* Exercise *
In full and without deviation, write out the entries that follow.

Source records
━━━━
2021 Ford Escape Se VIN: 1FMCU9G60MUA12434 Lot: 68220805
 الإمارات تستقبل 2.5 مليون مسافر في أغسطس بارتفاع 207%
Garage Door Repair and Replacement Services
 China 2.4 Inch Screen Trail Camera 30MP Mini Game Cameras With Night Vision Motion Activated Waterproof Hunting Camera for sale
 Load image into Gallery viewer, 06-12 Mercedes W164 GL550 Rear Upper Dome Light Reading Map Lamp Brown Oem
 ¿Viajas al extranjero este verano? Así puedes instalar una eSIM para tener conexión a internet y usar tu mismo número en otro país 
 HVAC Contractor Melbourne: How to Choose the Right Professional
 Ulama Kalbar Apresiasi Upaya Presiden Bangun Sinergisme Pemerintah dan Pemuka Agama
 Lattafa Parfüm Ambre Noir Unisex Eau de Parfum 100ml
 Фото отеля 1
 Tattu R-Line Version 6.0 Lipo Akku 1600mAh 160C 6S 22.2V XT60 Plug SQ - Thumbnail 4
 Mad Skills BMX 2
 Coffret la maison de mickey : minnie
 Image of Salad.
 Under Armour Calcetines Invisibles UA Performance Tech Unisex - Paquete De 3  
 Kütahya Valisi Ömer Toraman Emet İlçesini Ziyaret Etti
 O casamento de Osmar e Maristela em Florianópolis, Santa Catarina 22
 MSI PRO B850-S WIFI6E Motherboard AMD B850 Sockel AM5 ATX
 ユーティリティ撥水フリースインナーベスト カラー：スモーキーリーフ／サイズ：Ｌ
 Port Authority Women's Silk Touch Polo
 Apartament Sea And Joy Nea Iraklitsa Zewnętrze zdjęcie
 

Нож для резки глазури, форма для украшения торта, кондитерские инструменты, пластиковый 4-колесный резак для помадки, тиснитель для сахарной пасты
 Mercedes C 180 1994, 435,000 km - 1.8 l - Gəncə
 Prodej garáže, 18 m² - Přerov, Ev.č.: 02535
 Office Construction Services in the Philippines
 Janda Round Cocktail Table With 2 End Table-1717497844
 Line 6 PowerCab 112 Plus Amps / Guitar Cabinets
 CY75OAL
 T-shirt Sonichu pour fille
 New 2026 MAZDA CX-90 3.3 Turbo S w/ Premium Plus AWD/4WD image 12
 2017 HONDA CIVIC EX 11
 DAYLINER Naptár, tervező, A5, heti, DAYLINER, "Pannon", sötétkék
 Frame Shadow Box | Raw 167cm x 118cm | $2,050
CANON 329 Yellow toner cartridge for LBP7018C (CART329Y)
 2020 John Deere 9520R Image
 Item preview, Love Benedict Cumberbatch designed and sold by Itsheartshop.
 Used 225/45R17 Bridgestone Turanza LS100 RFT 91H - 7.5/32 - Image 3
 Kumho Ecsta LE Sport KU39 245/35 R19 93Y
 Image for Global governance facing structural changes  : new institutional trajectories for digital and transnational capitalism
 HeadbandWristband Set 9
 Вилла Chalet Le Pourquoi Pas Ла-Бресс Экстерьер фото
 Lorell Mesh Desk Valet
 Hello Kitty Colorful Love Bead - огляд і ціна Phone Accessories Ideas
━━━━
* Answer to this task *
2021 Ford Escape Se VIN: 1FMCU9G60MUA12434 Lot: 68220805
 الإمارات تستقبل 2.5 مليون مسافر في أغسطس بارتفاع 207%
Garage Door Repair and Replacement Services
 China 2.4 Inch Screen Trail Camera 30MP Mini Game Cameras With Night Vision Motion Activated Waterproof Hunting Camera for sale
 Load image into Gallery viewer, 06-12 Mercedes W164 GL550 Rear Upper Dome Light Reading Map Lamp Brown Oem
 ¿Viajas al extranjero este verano? Así puedes instalar una eSIM para tener conexión a internet y usar tu mismo número en otro país 
 HVAC Contractor Melbourne: How to Choose the Right Professional
 Ulama Kalbar Apresiasi Upaya Presiden Bangun Sinergisme Pemerintah dan Pemuka Agama
 Lattafa Parfüm Ambre Noir Unisex Eau de Parfum 100ml
 Фото отеля 1
 Tattu R-Line Version 6.0 Lipo Akku 1600mAh 160C 6S 22.2V XT60 Plug SQ - Thumbnail 4
 Mad Skills BMX 2
 Coffret la maison de mickey : minnie
 Image of Salad.
 Under Armour Calcetines Invisibles UA Performance Tech Unisex - Paquete De 3  
 Kütahya Valisi Ömer Toraman Emet İlçesini Ziyaret Etti
 O casamento de Osmar e Maristela em Florianópolis, Santa Catarina 22
 MSI PRO B850-S WIFI6E Motherboard AMD B850 Sockel AM5 ATX
 ユーティリティ撥水フリースインナーベスト カラー：スモーキーリーフ／サイズ：Ｌ
 Port Authority Women's Silk Touch Polo
 Apartament Sea And Joy Nea Iraklitsa Zewnętrze zdjęcie
 

Нож для резки глазури, форма для украшения торта, кондитерские инструменты, пластиковый 4-колесный резак для помадки, тиснитель для сахарной пасты
 Mercedes C 180 1994, 435,000 km - 1.8 l - Gəncə
 Prodej garáže, 18 m² - Přerov, Ev.č.: 02535
 Office Construction Services in the Philippines
 Janda Round Cocktail Table With 2 End Table-1717497844
 Line 6 PowerCab 112 Plus Amps / Guitar Cabinets
 CY75OAL
 T-shirt Sonichu pour fille
 New 2026 MAZDA CX-90 3.3 Turbo S w/ Premium Plus AWD/4WD image 12
 2017 HONDA CIVIC EX 11
 DAYLINER Naptár, tervező, A5, heti, DAYLINER, "Pannon", sötétkék
 Frame Shadow Box | Raw 167cm x 118cm | $2,050
CANON 329 Yellow toner cartridge for LBP7018C (CART329Y)
 2020 John Deere 9520R Image
 Item preview, Love Benedict Cumberbatch designed and sold by Itsheartshop.
 Used 225/45R17 Bridgestone Turanza LS100 RFT 91H - 7.5/32 - Image 3
 Kumho Ecsta LE Sport KU39 245/35 R19 93Y
 Image for Global governance facing structural changes  : new institutional trajectories for digital and transnational capitalism
 HeadbandWristband Set 9
 Вилла Chalet Le Pourquoi Pas Ла-Бресс Экстерьер фото
 Lorell Mesh Desk Valet
 Hello Kitty Colorful Love Bead - огляд і ціна Phone Accessories Ideas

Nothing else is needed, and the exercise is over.